Not to be confused with the 1986 schlock-horror movie starring creepy Klaus Kinski, this particular Crawlspace is a TV movie of the week from the early seventies. Elderly couple, Albert and Alice Graves (Hollywood veterans Arthur Kennedy and Teresa Wright) show kindness to dishevelled, young handyman Richard Atlec (Tom Harper), inviting him to dinner and lending him a book of poems by William Blake. One night Arthur awakens to hear something moving about in their cellar. He discovers Richard has lost his job and now lives in the crawlspace, stealing food from their refrigerator and roaming the woods by day. Having always longed for a child of their own, the Graves settle into a quirky family unit making Richard their surrogate son. But Sheriff Birge (Eugene Roche) remains suspicious of the stranger and the bigoted townsfolk soon push jittery Richard over the edge.
Distributors Wild Eye are promoting Crawlspace as a horror movie, but it’s more a character-driven psychodrama. The story is involving and quite moving in parts (aided by Jerry Goldsmith’s delicate score), but occasionally inconsistent. The core relationship offers a wry parody of the post-1960s family dynamic, with Richard as the troubled, long-haired, rebellious youth and the Graves as concerned parents. Alice worries why Richard continues to scavenge (“He gets plenty to eat at home.”) and is eager to see him progress in life (“He can’t just take any job.”) Albert is so anxious to have a son he happily settles into a bizarre routine of having heart to heart chats with the cellar dweller. However, the film treads an uncertain line between conservatism and a plea for tolerance. It attacks small town prejudice and narrow-mindedness, but equally upholds Sheriff Birge’s smug declaration: “Sometimes you find people aren’t your neighbours - they’re outsiders.” After Richard trashes a hardware store, Alice goes from including his name on Christmas cards to grimacing: “I wish they’d just kill him.” Still, she and Albert remain very sympathetic characters, easy to warm to. Just decent folks who want to help.
While many thriller movies made for TV now seem terribly tacky, this is sincerely played throughout and benefits from John Newland’s presence behind the camera. A genre veteran who helmed everything from Star Trek and Night Gallery episodes to Fantasy Island, Newland is best known as the host/producer-director of One Step Beyond.

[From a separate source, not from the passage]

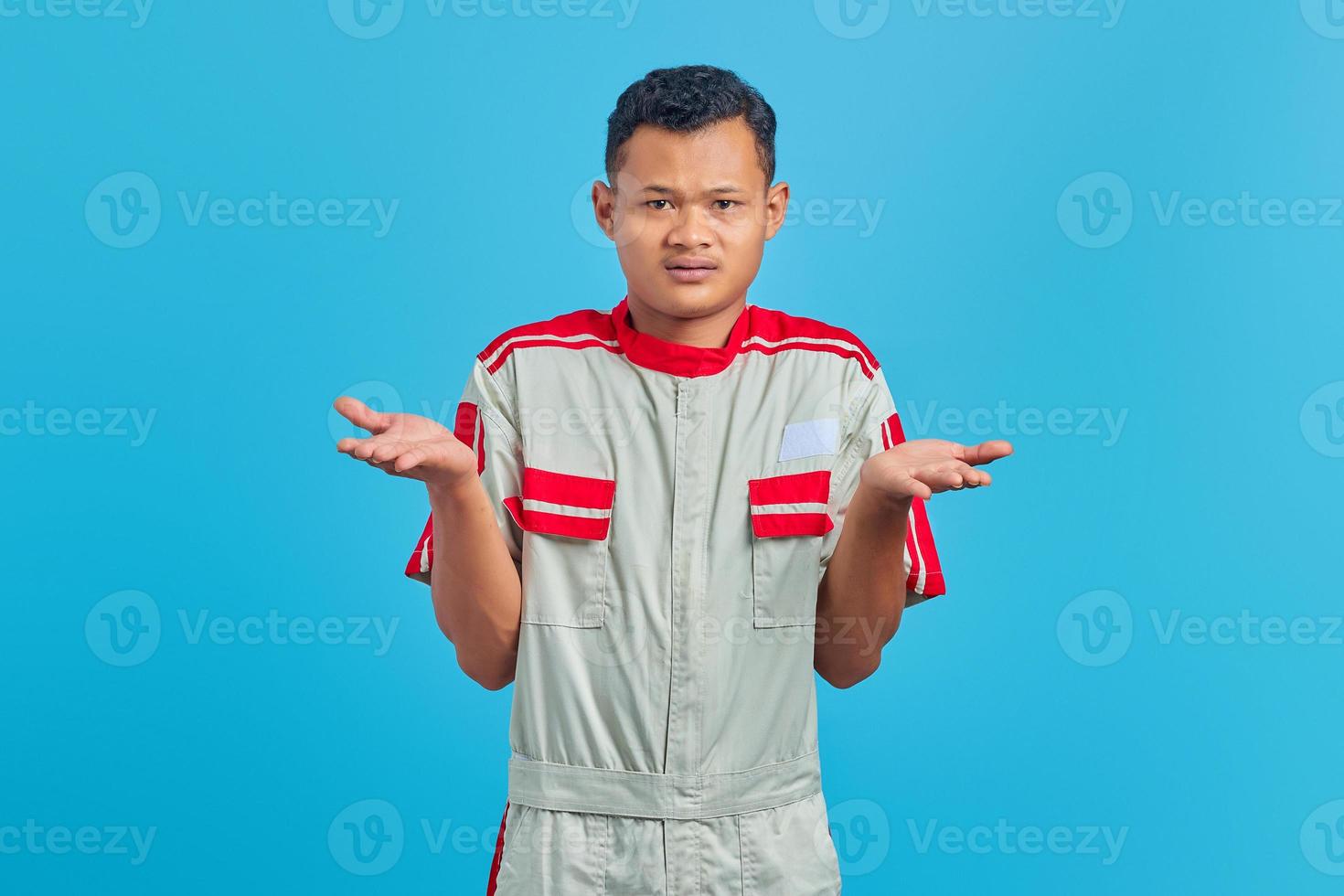 Shocked asian mechanic portrait with confused and displeased expression on yellow background photo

His finest work includes little-seen, western folklore/fantasy/horror Who Fears the Devil (1972). Newland’s direction is unobtrusive for the most part, relying on his capable cast to let the story unfold, although a sudden car chase (No Seventies TV movie complete without it) feels tacked on. Tom Harper is pretty good as withdrawn wastrel Richard. Sadly, he doesn’t seem to have done much more in his career. Teresa Wright, an exceptional actress, performs beautifully here. She won her Oscar for Mrs. Miniver (1942), but was truly superb in Alfred Hitchcock’s amazing Shadow of a Doubt (1943) - essential viewing for all film fans. The equally engaging Arthur Kennedy was a rock-solid character actor in westerns, thrillers and dramas like A Summer Place (1959). By the late seventies he was a familiar face in Italian trash like Emmanuelle on Taboo Island (1976) and The Humanoid (1979). Amusingly, the DVD packaging ignores the alleged curmudgeon’s presence in Lawrence of Arabia (1962) and plays up his star-turn in cult zombie flick Let Sleeping Corpses Lie (1974). Bet he’d have loved that.